Spoilers: my pointer arithmetic, which has not changed in years, is still correct.

When the arithmetic turned out to be correctly breaking loops before creating any invalid pointers, I turned to the only other possible culprit: the part where I turn a &BitSlice reference into a slice reference by doing, essentially, unsafe { &*(ptr as *const BitSlice<_, _> as *const [()])} to get an untyped slice reference that I can then call .as_ptr() and .len() on.

This was it.
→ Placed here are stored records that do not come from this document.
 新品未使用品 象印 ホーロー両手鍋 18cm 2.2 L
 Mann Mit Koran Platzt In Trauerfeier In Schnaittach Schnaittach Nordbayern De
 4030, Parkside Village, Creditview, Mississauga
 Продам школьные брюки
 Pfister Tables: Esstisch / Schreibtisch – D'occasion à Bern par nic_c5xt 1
Casting through [()] causes Miri to decide that the pointer is now to a zero-sized region, which means any later casts where I restore typing information (&*(slice.as_ptr().offset(something) as *const T)) no longer have access to the provenance history.

This is, to put it lightly, a pretty serious problem.

Minimal Reproduction

In my quest to rip as many components as I can out of bitvec that aren’t directly related to managing individual bits, my pointer manipulation code largely lives in funty. bitvec’s only raw-pointer work is the encoding used to pack data into a slice pointer. Conveniently, this means that I can create a test in funty to trigger the same failure, and not have to deal with all of bitvec’s baggage in trying to get a small program running.

#[test]
fn cast_through_zero() {
  let data = [4u32, 8u32];
  let slice_ref: &[u32] = &data[..];
  let slice_ptr = slice_ref as *const [u32];
  // let slice_ptr = slice_ptr as *const [()];
  let unit_slice = unsafe { &*slice_ptr };
  let slice_ref = unsafe {
    core::slice::from_raw_parts(
      unit_slice.as_ptr() as *const u32,
      unit_slice.len(),
    )
  };
  assert_eq!(slice_ref[0], 4);
}

Minimal reproduction of the bug, on the Rust Playground

The “source” link takes you to a Rust Playground where you can run this directly. Use Tools > Miri to run the program, then uncomment the line and run it under Miri again.
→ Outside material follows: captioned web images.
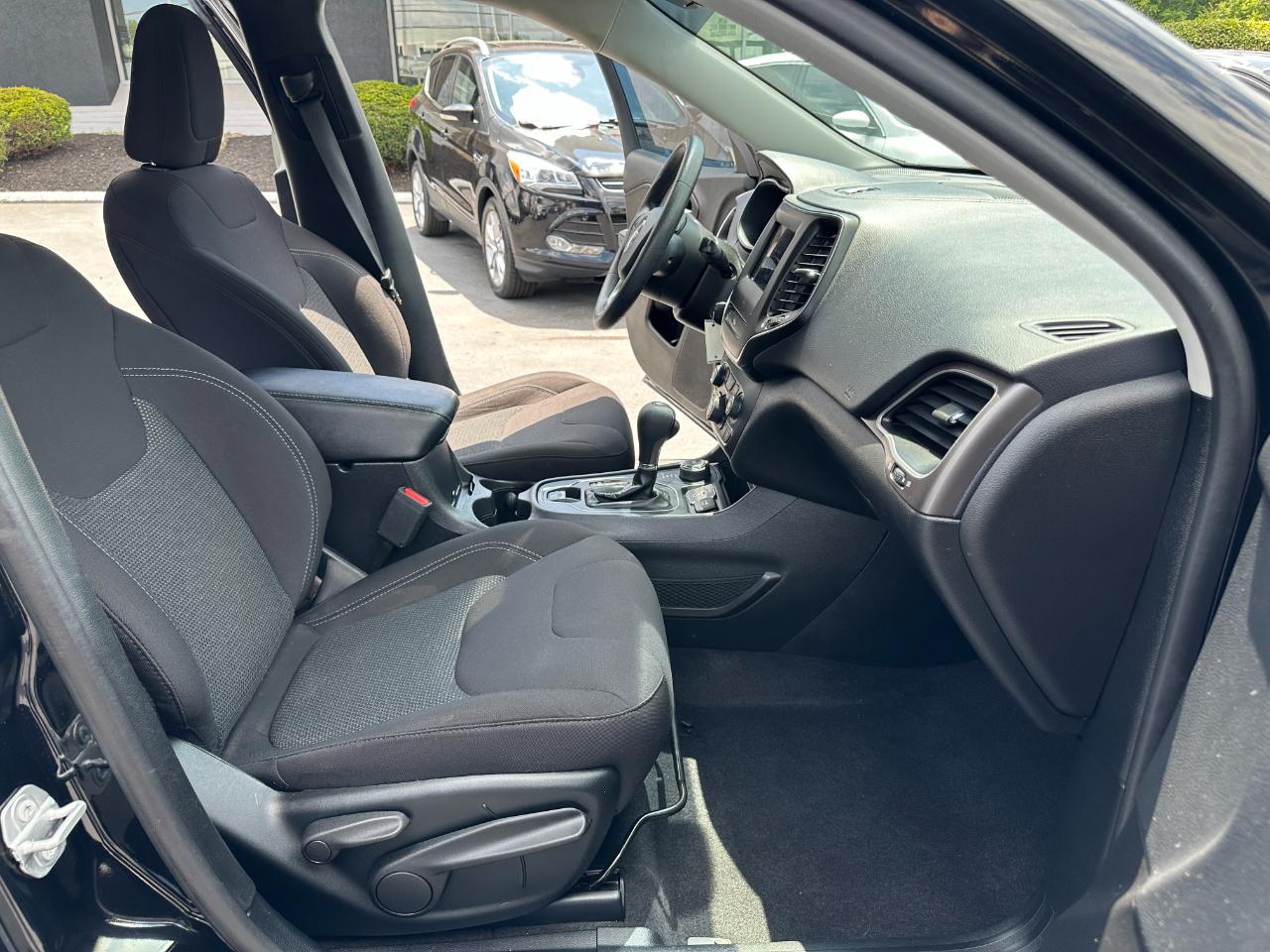 Jeep Cherokee  2019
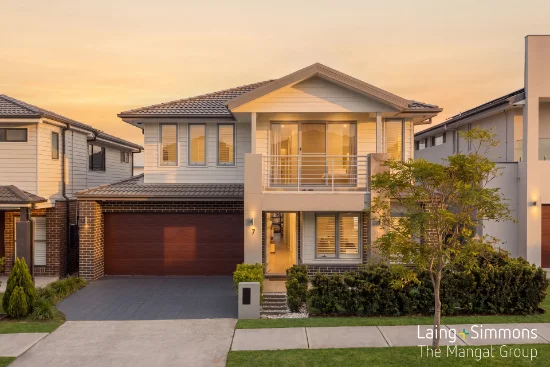 Quality Finishes | Seamless Entertaining | Lakeside Living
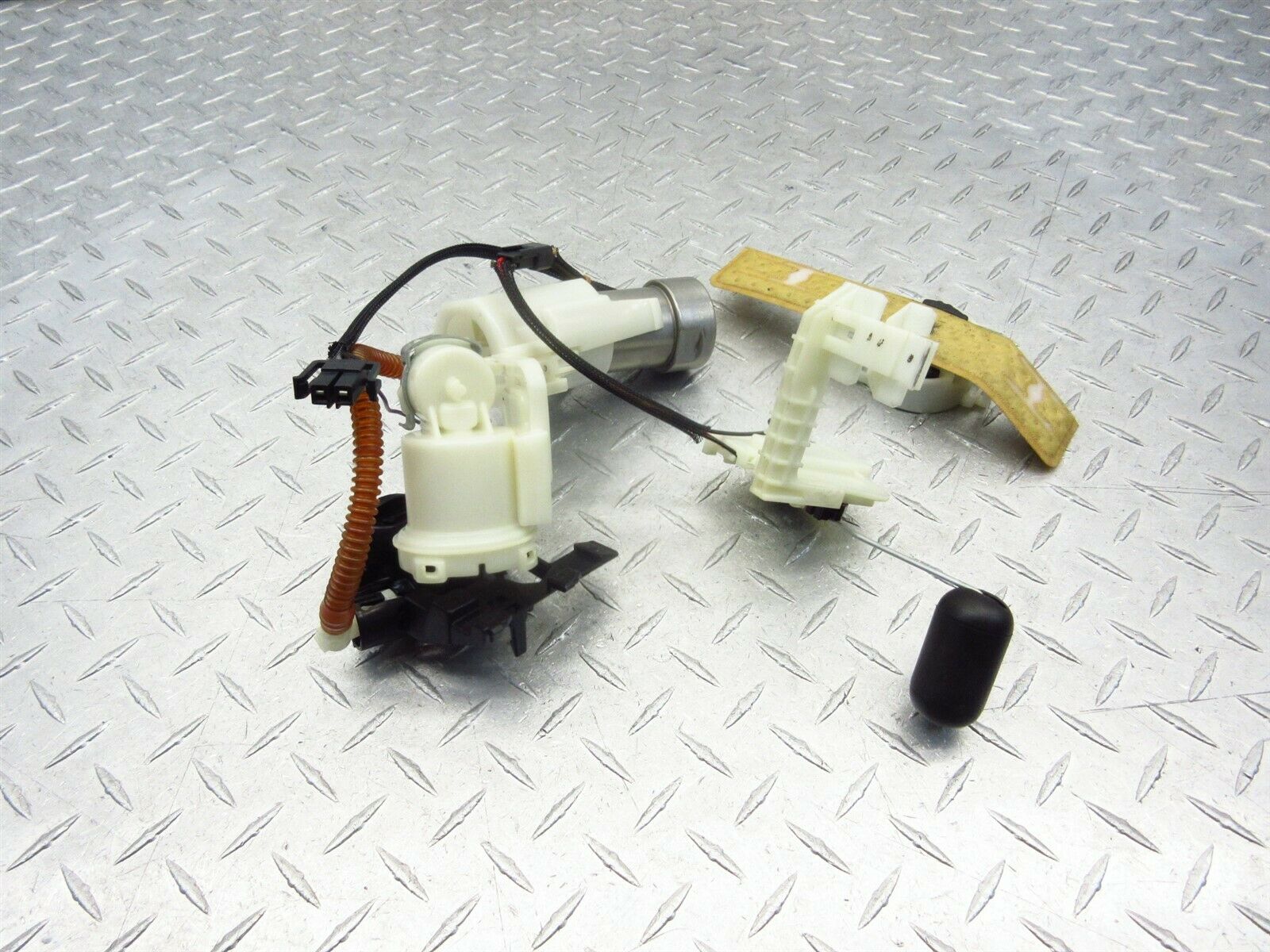 2011 Harley Davidson Dyna Streetbob Fuel Pump Gas Petrol For Parts - Fresh Stock Dated February 2026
With the cast through unit-slice commented out, this test passes successfully. With that line enabled, Miri alarms with the error I described above. Note that nowhere in this test do I modify the address value of the pointer, or even route it through as usize. The only transformation that occurs is opacifying the referent type in order to mark the value as not dereferenceable.

What Is To Be Done

Well, I’m not getting a Ph.D. in how to model pointers in an abstract machine in a way that allows programs to mathematically prove that they aren’t conjuring addresses out of thin air and disobeying the rules of legal access, and people on the Miri team are. So I don’t exactly feel qualified to give them instructions.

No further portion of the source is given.